Le premier, qui peut être un malade ou une personne âgée, est en bord de scène, comme s’il était prêt à sauter. Il porte une valise. Le deuxième, qui peut être un curé ou un infirmier, lui tient la main, tout en le poussant doucement en avant.

Deux – Alors, prêt pour le grand saut ?

Un – Oui, enfin…

Deux – Si vous n’êtes pas encore prêt, vous me le dites.

Un – Si, si. Je suis prêt, mais…

Deux – Non parce que sinon… On a le temps, quand même… On n’est pas aux pièces.

Un – Combien de temps ?

Deux – Combien ? Je ne sais pas, moi… On a bien cinq minutes…

Un – Cinq minutes ?

Deux – On a le temps, mais… on n’a pas toute la vie, non plus.

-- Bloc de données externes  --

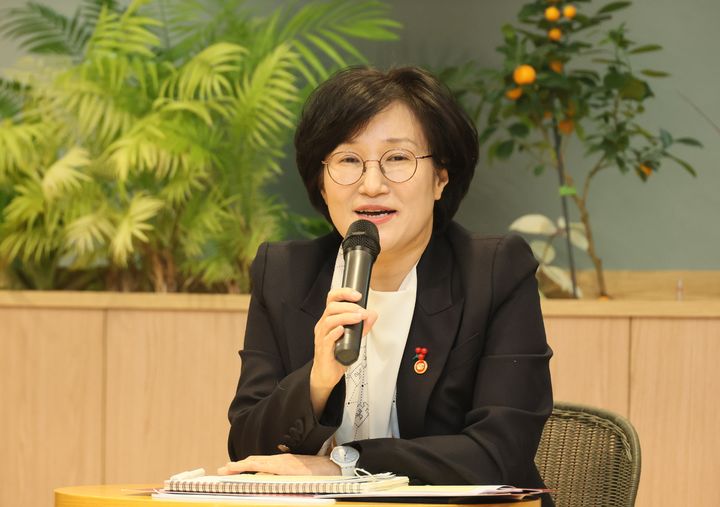 [서울=뉴시스]  원민경 성평등가족부 장관이 3일 오후 서울 성동구 KT&G 상상플래닛에서 열린 제4차 성평등 토크콘서트 '소다팝'에서 청년 참가자들과 함께 '사회 참여기 청년의 성별 인식격차' 주제에 대해 토론하고 있다. (사진=성평등가족부 제공) 2025.12.03. photo@newsis.com *재판매 및 DB 금지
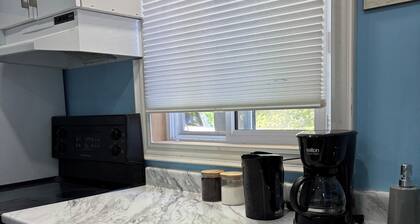 1 Bedroom Apartment in Motel, 4 minutes walk to the beach, Port Elgin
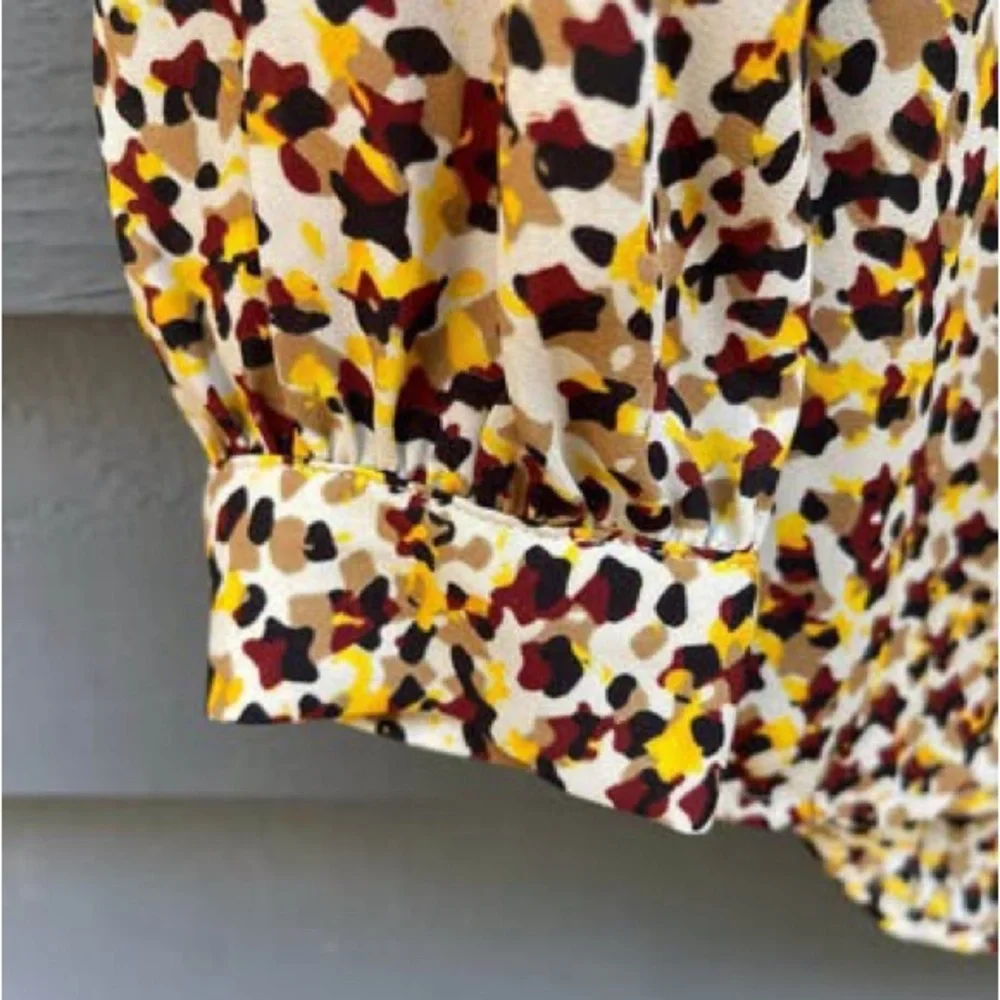 CABI #4241 Autumn Superstar Shirt Blouse Collared Popover Size XS - Picture 3 of 5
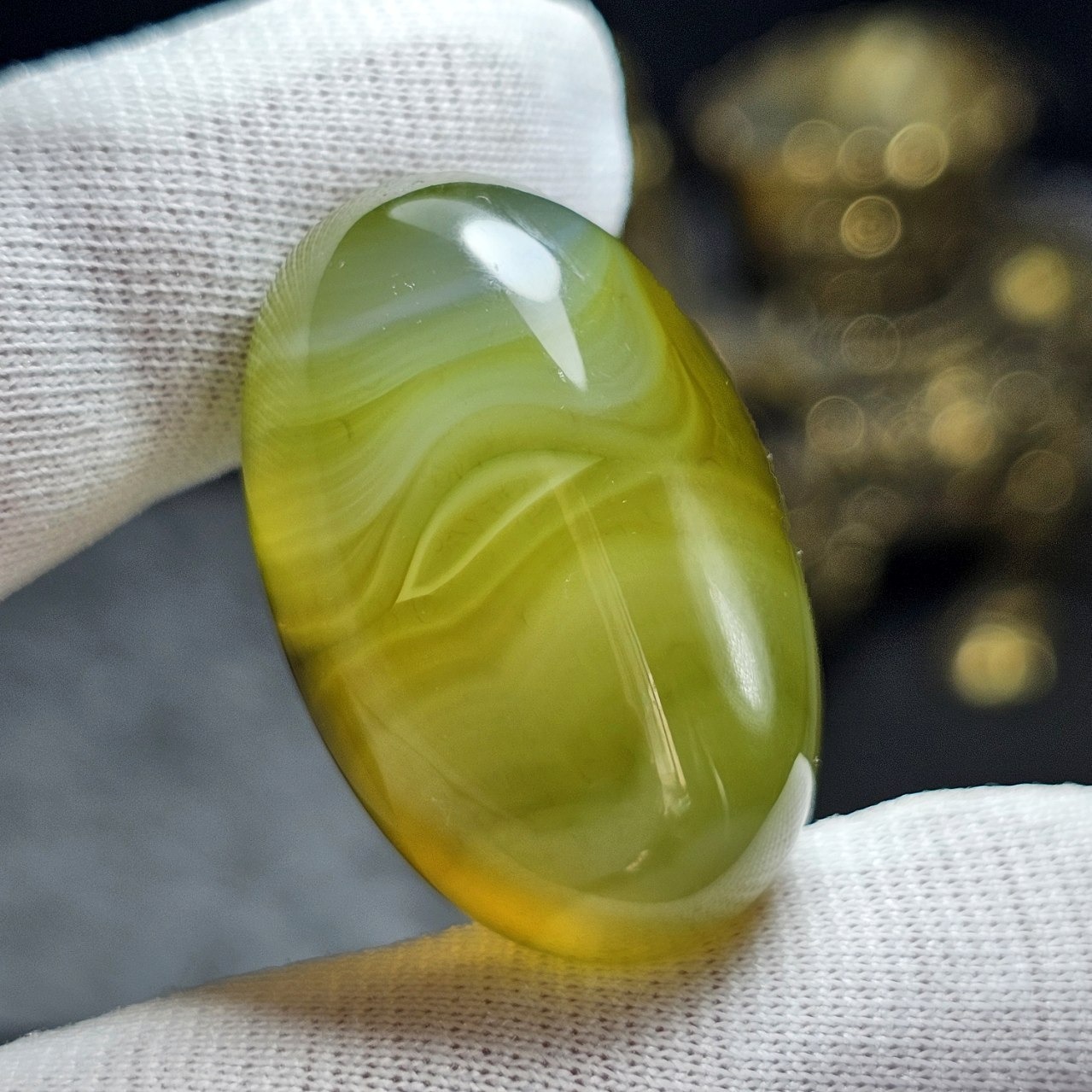 نگین درشت سنگ عقیق زیتونی معدنی کد 36186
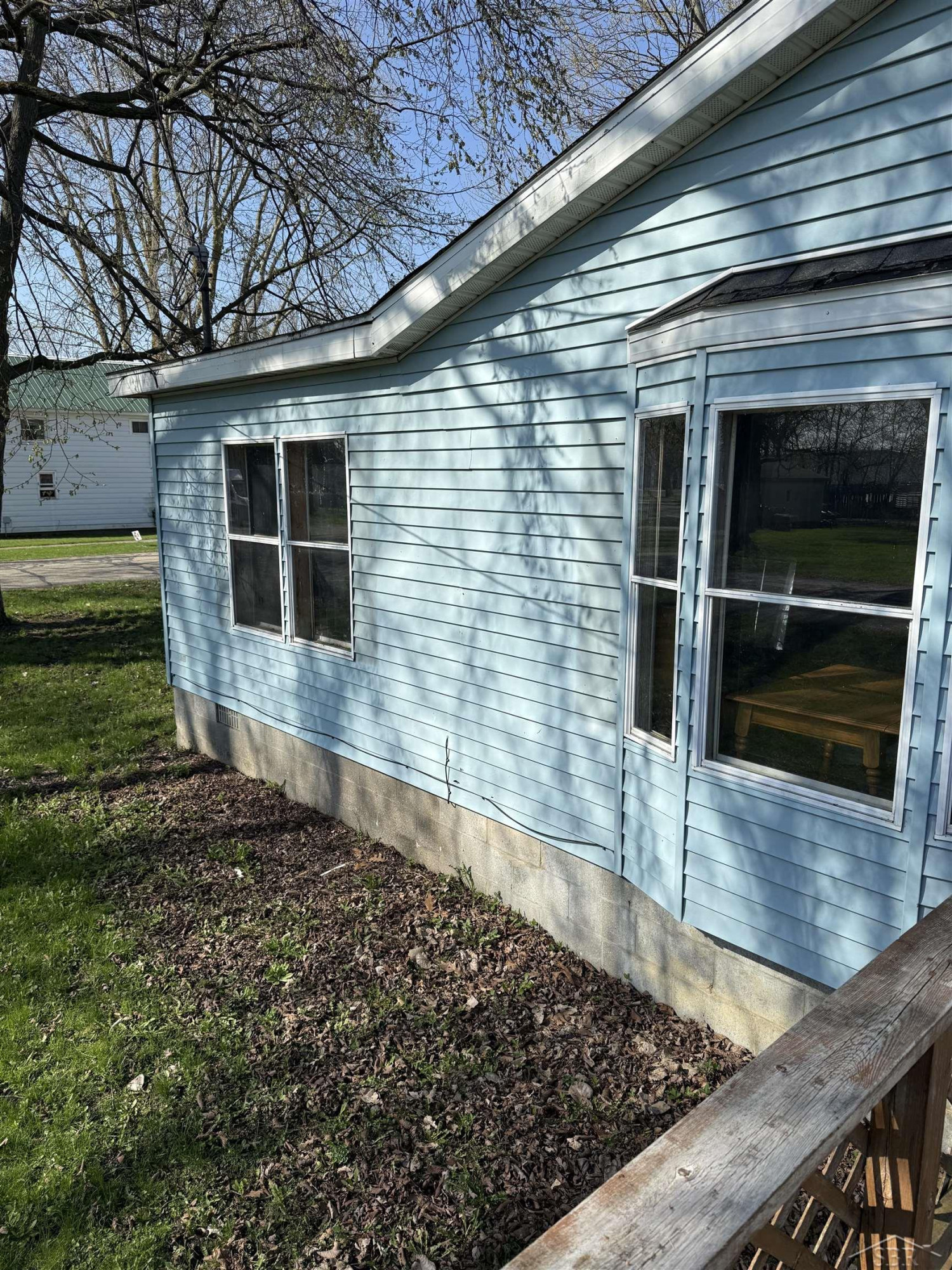 205 N catherine Street, Ithaca, MI 48847 — front exterior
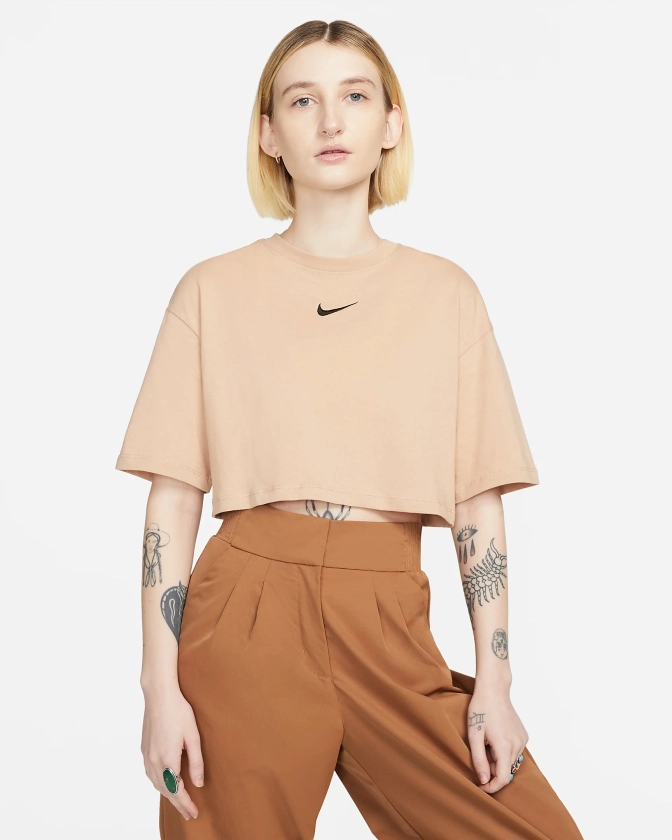 T-shirt court Nike Sportswear pour femme. Nike BE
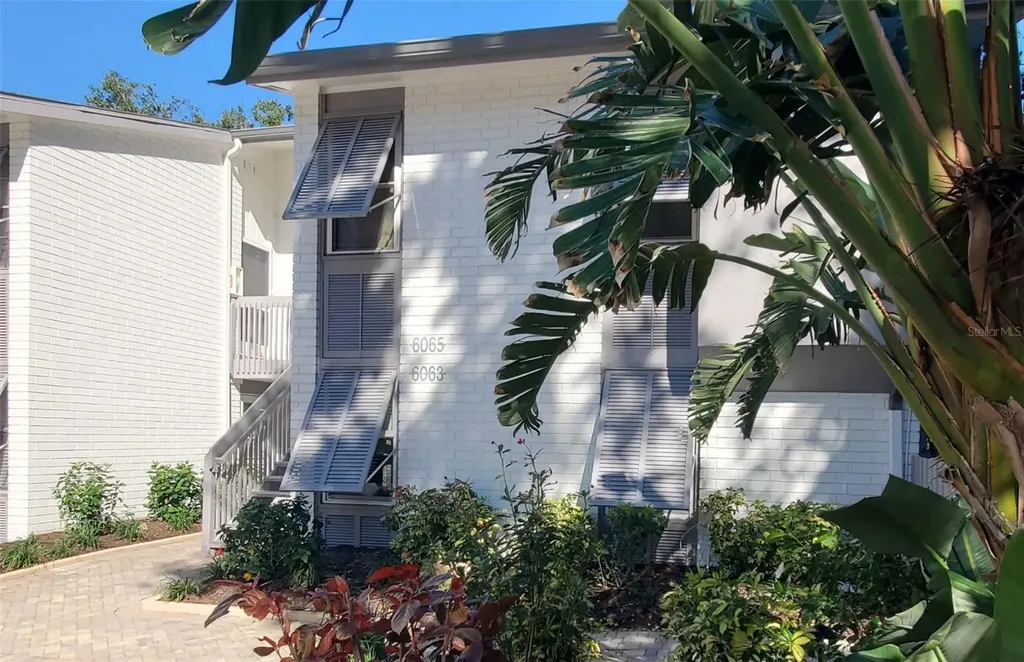 6063 E Peppertree Way Sarasota FL 34242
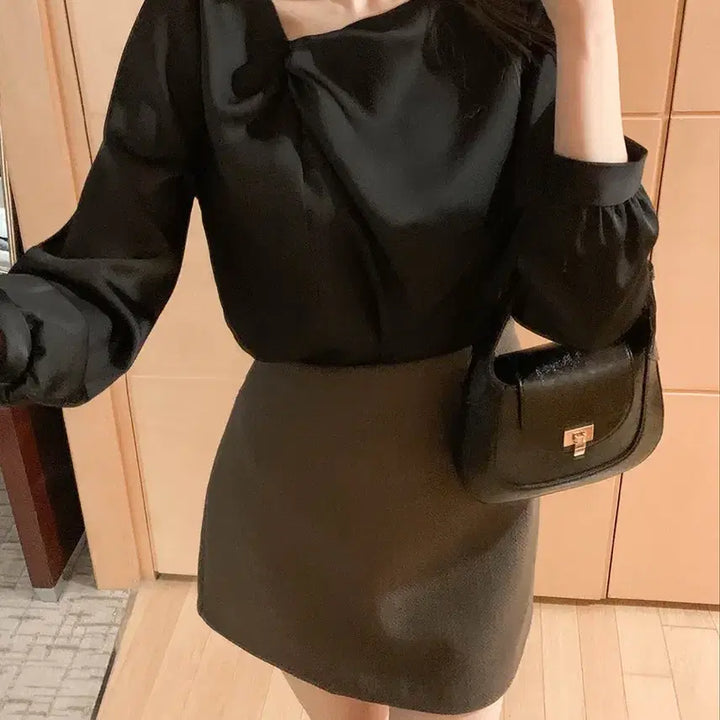 [BUNJANG] FromDayOne Rayzel Satin Twist Neck Blouse / 프롬데이원 레이젤 새틴 꼬임넥 블라우스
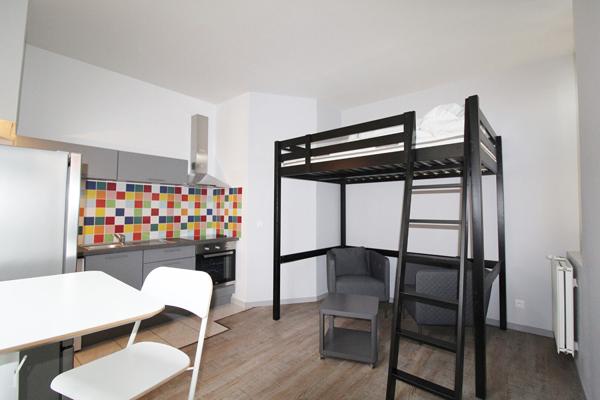 A VENDRE - DIJON CENTRE/PLACE BARBE - studio meublé et rénové de 25 m2
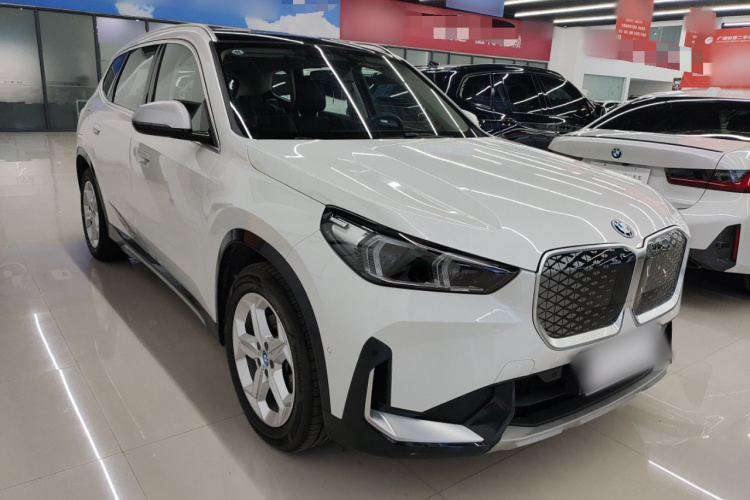 宝马iX1 2023款 eDrive25L X设计套装车身外观3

Un – Mettez-vous à ma place.

Deux – Je préfère autant pas, non. Mais vous verrez, vous ne sentirez rien. Et après vous vous sentirez beaucoup mieux…

Un – Je verrai ?

Deux – Pardon ?

Un – Vous avez dit « vous verrez ».

Deux – Ah, oui… Euh, non, c’est vrai, vous ne verrez probablement rien non plus…

Un – Alors pourquoi vous dites « vous verrez »  ?

Deux – C’est juste une façon de parler  ! Vous savez, ce n’est pas évident de décrire… Enfin d’expliquer…

Un – En fait, vous n’en savez rien.

Deux – Non…

Le premier hésite toujours à sauter.

Un – Vous croyez qu’il y a quelque chose au fond ? (L’autre affiche un air dubitatif) Vous croyez qu’il y a un fond…?

Deux – Vous pensez qu’il pourrait ne pas y avoir de fond ?

Un – Alors c’est vous qui me posez des questions, maintenant ? Je croyais que vous étiez là pour me rassurer… me donner toutes les explications nécessaires.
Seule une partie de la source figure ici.